By Prossy Nandudu
Ugandan rice millers have appealed to East African Community heads of state to stop the importation of rice from Asia to allow the local rice industry to grow.
They said rice from Asia has flooded the market out- competing Ugandan and other member state’s grown rice which is more expensive due to the production costs.
The rice miller’s representative, Ambassador Phillip Idro, said the EAC region spends close to sh20b on rice importation and a lot more is smuggled into the countries.
“If that money was channelled to increasing production at country then regional levels, it would ensure regional self-sustenance on rice,” said Idro.
He said Nigeria, once a big importer of Asian rice, is finalising plans to stop the importation and are encouraging consumption of locally grown rice.
“Rice from Asia is cheaper. Some of it is smuggled into the country and sold at any price,” he added.
“The East African heads of state should revise the rice policy and ensure there is increased local production before allowing in some import,” said Idro.

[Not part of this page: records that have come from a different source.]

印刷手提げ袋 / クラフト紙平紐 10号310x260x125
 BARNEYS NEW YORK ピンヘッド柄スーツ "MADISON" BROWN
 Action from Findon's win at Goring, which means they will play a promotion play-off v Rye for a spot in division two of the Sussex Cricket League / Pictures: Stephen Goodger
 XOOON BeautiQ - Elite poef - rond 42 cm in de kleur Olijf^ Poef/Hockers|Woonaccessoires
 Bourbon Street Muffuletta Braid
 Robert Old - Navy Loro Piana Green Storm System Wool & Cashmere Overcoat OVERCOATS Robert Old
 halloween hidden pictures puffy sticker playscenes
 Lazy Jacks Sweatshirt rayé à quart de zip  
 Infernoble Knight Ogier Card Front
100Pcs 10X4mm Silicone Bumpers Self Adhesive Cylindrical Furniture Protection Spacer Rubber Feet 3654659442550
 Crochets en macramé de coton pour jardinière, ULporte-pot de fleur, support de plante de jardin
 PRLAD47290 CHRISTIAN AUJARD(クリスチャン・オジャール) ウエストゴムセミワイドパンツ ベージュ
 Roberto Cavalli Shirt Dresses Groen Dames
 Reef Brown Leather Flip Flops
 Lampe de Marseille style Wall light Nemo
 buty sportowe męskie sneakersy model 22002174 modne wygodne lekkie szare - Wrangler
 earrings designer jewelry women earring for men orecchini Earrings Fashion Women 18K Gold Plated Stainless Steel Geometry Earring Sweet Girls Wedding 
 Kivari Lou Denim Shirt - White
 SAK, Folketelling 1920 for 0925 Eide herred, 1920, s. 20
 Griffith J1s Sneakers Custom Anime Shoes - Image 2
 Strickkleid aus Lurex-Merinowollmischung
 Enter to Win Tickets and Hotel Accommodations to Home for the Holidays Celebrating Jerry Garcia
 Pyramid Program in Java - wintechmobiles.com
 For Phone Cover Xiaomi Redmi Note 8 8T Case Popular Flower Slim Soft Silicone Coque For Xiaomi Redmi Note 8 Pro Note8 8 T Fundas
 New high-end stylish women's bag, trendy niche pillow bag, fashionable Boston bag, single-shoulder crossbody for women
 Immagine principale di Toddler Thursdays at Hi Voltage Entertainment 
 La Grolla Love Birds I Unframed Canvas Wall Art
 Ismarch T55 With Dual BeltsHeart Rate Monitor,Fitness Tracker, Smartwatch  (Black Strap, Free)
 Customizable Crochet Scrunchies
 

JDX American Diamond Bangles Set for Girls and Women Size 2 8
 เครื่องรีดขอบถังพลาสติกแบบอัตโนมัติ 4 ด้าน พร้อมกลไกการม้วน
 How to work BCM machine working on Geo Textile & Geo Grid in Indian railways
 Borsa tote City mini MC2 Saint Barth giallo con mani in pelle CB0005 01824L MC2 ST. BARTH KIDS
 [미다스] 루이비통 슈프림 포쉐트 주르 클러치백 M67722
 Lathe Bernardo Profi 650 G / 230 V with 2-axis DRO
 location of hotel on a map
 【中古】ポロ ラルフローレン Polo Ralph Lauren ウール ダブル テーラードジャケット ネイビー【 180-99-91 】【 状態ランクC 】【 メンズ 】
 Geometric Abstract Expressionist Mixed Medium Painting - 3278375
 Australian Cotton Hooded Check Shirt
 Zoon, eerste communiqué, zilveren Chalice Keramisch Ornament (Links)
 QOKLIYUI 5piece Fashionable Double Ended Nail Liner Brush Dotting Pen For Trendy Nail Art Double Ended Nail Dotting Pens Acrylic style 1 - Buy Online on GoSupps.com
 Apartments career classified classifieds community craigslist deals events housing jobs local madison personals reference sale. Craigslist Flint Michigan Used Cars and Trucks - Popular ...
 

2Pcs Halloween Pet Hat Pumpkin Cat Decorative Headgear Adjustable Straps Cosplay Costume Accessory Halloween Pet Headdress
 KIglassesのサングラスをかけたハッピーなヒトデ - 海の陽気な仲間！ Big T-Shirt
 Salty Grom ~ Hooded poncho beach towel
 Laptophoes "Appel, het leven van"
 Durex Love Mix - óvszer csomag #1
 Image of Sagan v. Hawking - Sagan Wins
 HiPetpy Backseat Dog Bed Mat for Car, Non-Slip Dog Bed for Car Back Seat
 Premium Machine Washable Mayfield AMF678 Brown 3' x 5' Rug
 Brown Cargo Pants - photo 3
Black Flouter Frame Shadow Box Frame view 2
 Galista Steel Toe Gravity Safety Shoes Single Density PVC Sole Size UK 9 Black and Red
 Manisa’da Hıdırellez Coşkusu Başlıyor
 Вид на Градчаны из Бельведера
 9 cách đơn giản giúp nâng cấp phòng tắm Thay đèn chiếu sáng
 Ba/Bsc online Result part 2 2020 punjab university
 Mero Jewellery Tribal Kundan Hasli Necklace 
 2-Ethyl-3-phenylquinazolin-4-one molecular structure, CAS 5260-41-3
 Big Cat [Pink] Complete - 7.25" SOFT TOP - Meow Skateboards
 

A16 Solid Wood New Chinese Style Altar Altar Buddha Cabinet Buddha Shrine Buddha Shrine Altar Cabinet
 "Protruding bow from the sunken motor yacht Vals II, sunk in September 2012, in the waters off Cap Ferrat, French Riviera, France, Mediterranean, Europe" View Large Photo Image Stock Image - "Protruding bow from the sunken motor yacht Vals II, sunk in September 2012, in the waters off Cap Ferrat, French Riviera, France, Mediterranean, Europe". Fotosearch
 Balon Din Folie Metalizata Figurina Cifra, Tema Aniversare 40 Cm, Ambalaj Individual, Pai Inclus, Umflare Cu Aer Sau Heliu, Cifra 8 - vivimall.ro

Quoting UNCTAD statistics, a trade economist in the EAC affairs ministry, Lawrence Othieno said Uganda earned $1.2b from rice exports in both 2011 and 2012. He said, however, that the growing population demands more rice for consumption.
In 2009, rice demand in Uganda was at 250,000 metric tonnes and it is projected to increase to 550,000 metric tonnes annually in five years.
However, in the last five years rice production grew from 70,000 metric tonnes to 300,000 metric tonnes statistics show, which experts says is still below local demand.